There are also many papers on finite size corrections for the isotropic Ising model [N.Sh. Izmailian and C.-K. Hu, Exact universal amplitude ratios for two-dimensional Ising models and a quantum spin chain, Phys. Rev. Lett. 86, 5160-5163 (2001). N.Sh. Izmailian, K.B. Oganesyan and C.-K. Hu, Exact finite-size corrections for the square-lattice Ising model with Brascamp-Kunz boundary conditions, Phys. Rev. E 65, 056132 (2002). E.V. Ivashkevich, N.Sh. Izmailian and C.-K. Hu, Kronecker's double series and exact asymptotic expansions for free models of statistical mechanics on torus, J. Phys. A: Math. Gen. 35, 5543-5561 (2002). N.Sh. Izmailian and C.-K. Hu, Finite-size effects for the Ising model on helical tori, Phys. Rev. E 76, 041118 (2007).]

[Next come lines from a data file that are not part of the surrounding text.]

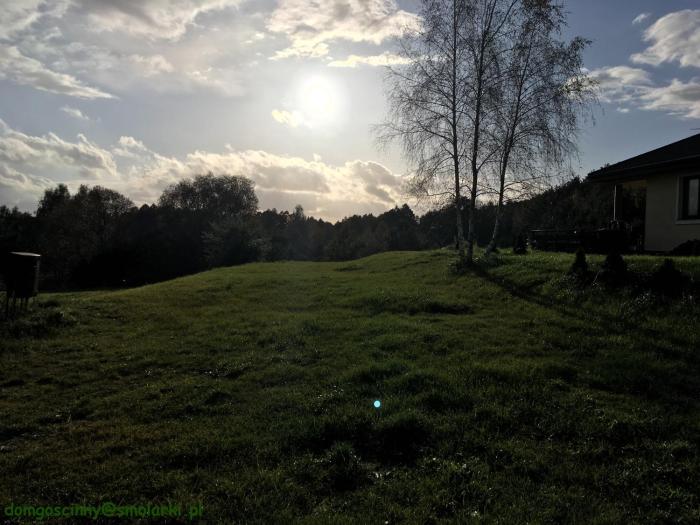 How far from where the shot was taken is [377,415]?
6.03 metres

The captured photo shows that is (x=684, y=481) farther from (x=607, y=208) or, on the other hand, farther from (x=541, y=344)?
(x=607, y=208)

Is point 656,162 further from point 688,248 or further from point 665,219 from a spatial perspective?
point 688,248

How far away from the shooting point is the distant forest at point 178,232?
55.3 m

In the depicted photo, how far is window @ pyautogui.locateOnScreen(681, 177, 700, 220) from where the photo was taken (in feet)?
55.4

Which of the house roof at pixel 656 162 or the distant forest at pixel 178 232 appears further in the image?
the distant forest at pixel 178 232

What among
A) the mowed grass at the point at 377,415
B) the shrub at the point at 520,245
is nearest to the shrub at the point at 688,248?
the mowed grass at the point at 377,415

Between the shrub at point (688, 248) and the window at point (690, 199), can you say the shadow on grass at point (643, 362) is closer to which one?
Answer: the shrub at point (688, 248)

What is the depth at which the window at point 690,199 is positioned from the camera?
55.4 feet

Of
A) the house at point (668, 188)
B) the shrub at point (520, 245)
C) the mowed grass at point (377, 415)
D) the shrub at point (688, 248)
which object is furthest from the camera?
the shrub at point (520, 245)

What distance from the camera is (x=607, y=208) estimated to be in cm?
5406

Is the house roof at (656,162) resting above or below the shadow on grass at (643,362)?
above

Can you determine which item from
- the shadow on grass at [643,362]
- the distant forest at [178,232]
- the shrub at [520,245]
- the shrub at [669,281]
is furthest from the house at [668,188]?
the distant forest at [178,232]

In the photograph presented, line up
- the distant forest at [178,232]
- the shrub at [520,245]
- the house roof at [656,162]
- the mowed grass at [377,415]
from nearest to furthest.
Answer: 1. the mowed grass at [377,415]
2. the house roof at [656,162]
3. the shrub at [520,245]
4. the distant forest at [178,232]

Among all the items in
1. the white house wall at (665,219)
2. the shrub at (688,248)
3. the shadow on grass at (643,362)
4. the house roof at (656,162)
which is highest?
the house roof at (656,162) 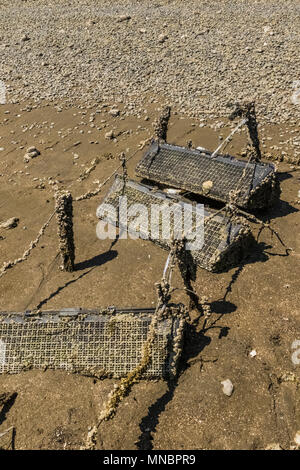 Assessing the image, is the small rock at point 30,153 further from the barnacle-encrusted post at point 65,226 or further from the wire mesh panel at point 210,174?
the barnacle-encrusted post at point 65,226

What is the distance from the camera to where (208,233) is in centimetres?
1159

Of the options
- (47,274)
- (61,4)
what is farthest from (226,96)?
(61,4)

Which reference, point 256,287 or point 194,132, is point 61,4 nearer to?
point 194,132

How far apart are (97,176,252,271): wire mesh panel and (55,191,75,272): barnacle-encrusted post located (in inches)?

An interesting numerical approach is by star-triangle transformations in the isotropic case for several lattices and boundary conditions that deserve comparison [X. Wu, N. Izmailian and W. Guo, Finite-size behavior of the critical Ising model on a rectangle with free boundaries, Phys. Rev. E 86, 041149 (2012), errata: 87, 019901(E) (2013). X. Wu, N. Izmailian and W. Guo, Shape-dependent finite-size effect of the critical two-dimensional Ising model on a triangular lattice, Phys. Rev. E 87, 022124 (2013). X. Wu, R. Zheng, N. Izmailian and W. Guo, Accurate expansions of internal energy and specific heat of critical two-dimensional Ising model with free boundaries, J. Stat. Phys. 155, 106-150 (2014).]

A must reference is: N.Sh. Izmailian, Finite-size effects for anisotropic 2D Ising model with various boundary conditions, J. Phys. A: Math. Theor. 45, 494009 (2012). See also: D.B. Abraham and N.M. {\v S}vraki{\'c}, Exact finite-size effects in surface tension, Phys. Rev. Lett. 56, 1172-1174 (1986). D.B. Abraham, L.F. Ko and N.M. {\v S}vraki{\'c}, Ising model with adjustable boundary conditions: Exact results for finite lattice mass gaps, Phys. Rev. Lett. 61, 2393-2396 (1988). D.B. Abraham, L.F. Ko and N.M. {\v S}vraki{\'c}, Transfer matrix spectrum for the finite-width Ising model with adjustable boundary conditions: Exact solution, J. Stat. Phys. 56, 563-587 (1989).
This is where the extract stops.